Several insect systems utilize alternative splicing as a means with which to determine the sex of the developing embryo. In Bombyx mori, the Bmdsx gene is a homologue of the sex determining dsx gene in Drosophila which is involved in somatic sex differentiation through a complex and intricate alternative splicing pathway (Funaguma et al. 2005; Saccone et al. 2002). Our laboratory has identified a protein that differentially binds to U1 snRNA and possesses overlapping RNA and immunosuppressive drug binding domains (Somarelli et al. submitted to Insect Molecular Biology). Additionally, Graveley (2005) recently noted that a nontoxic drug derivative of rapamycin can be utilized to control pre-mRNA splicing in vitro. We also intend to create an outreach program to educate students about our research and encourage them to pursue careers in the environmental sciences.
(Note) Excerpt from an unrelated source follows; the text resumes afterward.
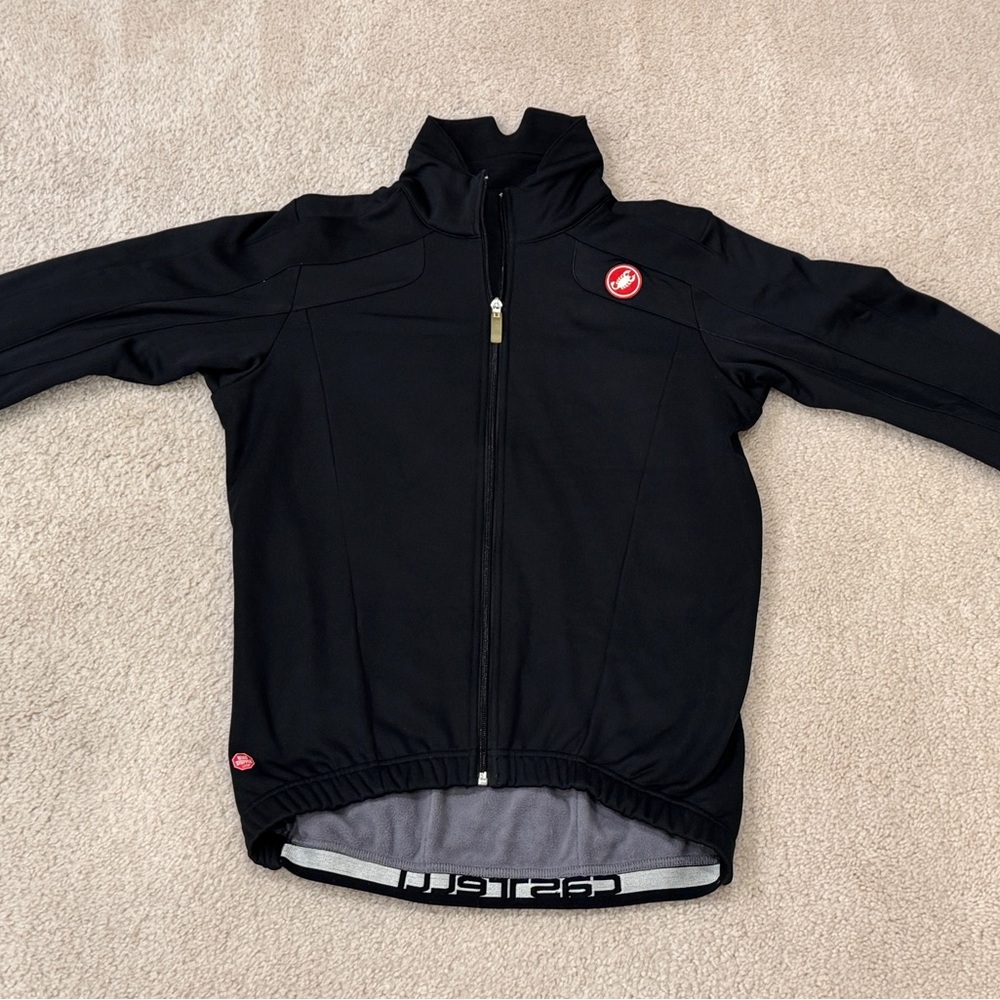 Castelli Gore Windstopper Cycling Jacket Mens L Black Thermal Winter Full Zip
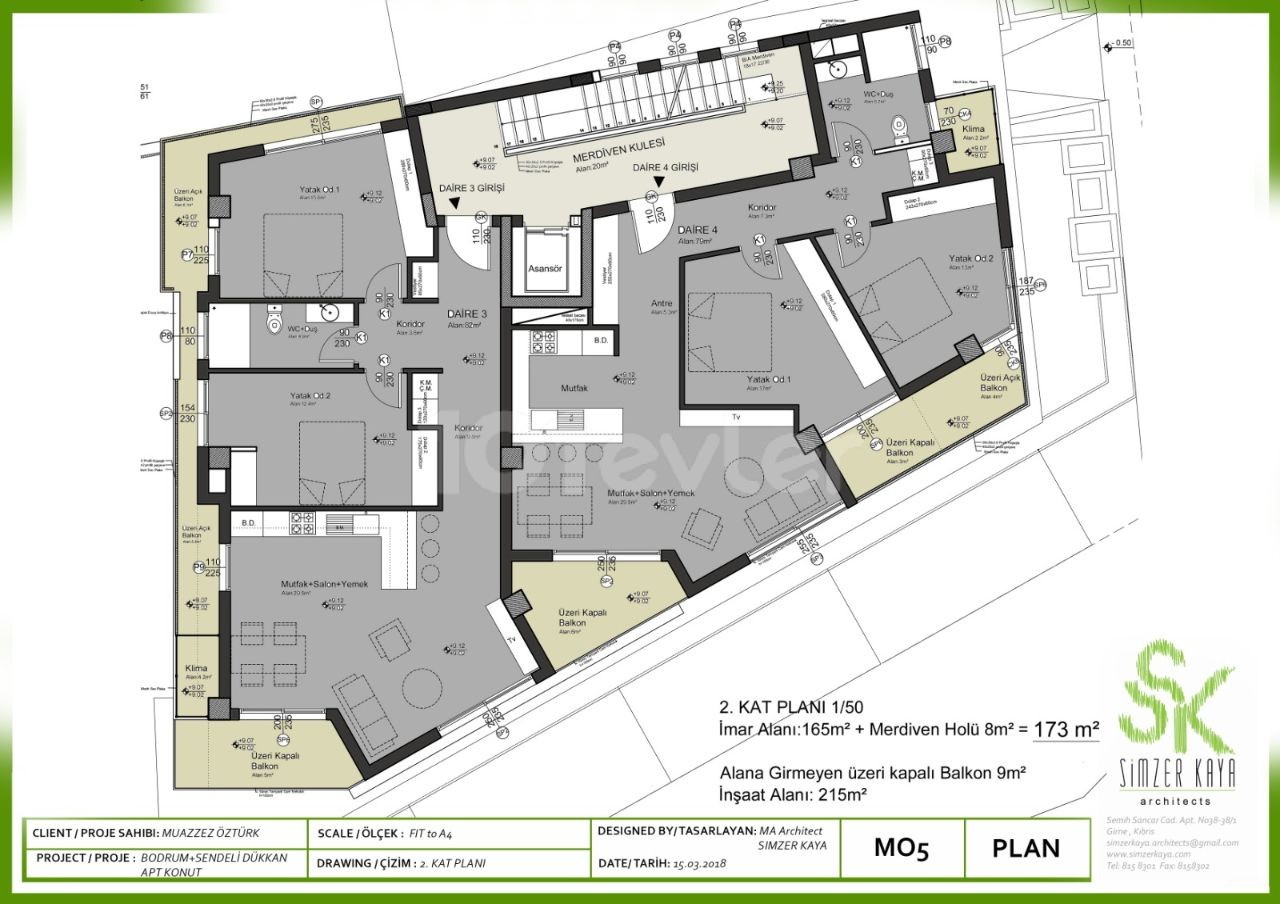 A land plot for sale with a project of a Decommissioned apartment and a shop on the highway as well as sushico in the center of Kyrenia **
This work seeks to further understand Lepidopteran transcription regulation in an effort to possibly silence sex-determinant alternative splicing and possibly create single sex insect populations. In addition, understanding Lepidopteran biology can be useful in comparative insect research as well as biodiversity and ecology studies.
1. To characterize tissue- and developmental stage-specific expression of FKBPs in Bombyx mori.
2. To identify FKBPs in splicing complexes using native polyacrylamide gels.
3. To determine whether the immune suppressant rapamycin binds FKBP45 from Bombyx mori.
4. To assess whether FKBP45 is essential for pre-mRNA splicing using in vitro splicing assays.
Preliminary data using Western blotting suggests that FKBPs exhibit spatio-temporal differential expression. In addition, initial experiments reveal FKBPs exclusively in nuclear extract fractions containing high concentrations of spliceosomal complexes obtained by glycerol gradient ultracentrifugation. Given the high sequence similarity between FKBP45 and FKBP46 from Spodoptera frugiperda within the FKBP drug binding domain, we fully expect that rapamycin will bind FKBP45, in a manner similar to FKBP46. Since FKBPs have been identified in fractions containing high molecular weight spliceosomal complexes, it is our anticipation that FKBPs are implicated in splicing; however, it is also possible that FKBPs are associated with the spliceosome as protein trafficking molecules or for some other function.